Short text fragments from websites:
[Start of section]

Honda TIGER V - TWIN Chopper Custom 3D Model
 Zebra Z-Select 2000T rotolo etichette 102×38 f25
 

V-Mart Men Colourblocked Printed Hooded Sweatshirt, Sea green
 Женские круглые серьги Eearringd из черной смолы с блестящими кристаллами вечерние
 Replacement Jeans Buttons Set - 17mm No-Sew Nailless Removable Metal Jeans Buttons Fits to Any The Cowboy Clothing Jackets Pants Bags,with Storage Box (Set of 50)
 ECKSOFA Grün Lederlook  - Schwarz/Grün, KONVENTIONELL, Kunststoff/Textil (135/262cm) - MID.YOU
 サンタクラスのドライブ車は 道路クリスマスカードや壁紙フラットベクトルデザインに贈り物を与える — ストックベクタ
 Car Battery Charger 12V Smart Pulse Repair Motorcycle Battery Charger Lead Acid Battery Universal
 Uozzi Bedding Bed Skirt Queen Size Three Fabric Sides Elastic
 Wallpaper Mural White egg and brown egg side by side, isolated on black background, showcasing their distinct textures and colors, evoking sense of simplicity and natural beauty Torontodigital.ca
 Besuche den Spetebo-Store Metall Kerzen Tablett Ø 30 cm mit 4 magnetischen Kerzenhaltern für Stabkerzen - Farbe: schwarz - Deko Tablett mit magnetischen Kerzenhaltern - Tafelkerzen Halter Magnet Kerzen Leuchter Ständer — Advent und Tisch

[End of section]

§ WORK INSTRUCTION: Lines from the top of the data above through the line with "Женские круглые серьги", both ends included: copy them exactly, nothing more.

§ ANSWER TO THIS PROBLEM:
Honda TIGER V - TWIN Chopper Custom 3D Model
 Zebra Z-Select 2000T rotolo etichette 102×38 f25
 

V-Mart Men Colourblocked Printed Hooded Sweatshirt, Sea green
 Женские круглые серьги Eearringd из черной смолы с блестящими кристаллами вечерние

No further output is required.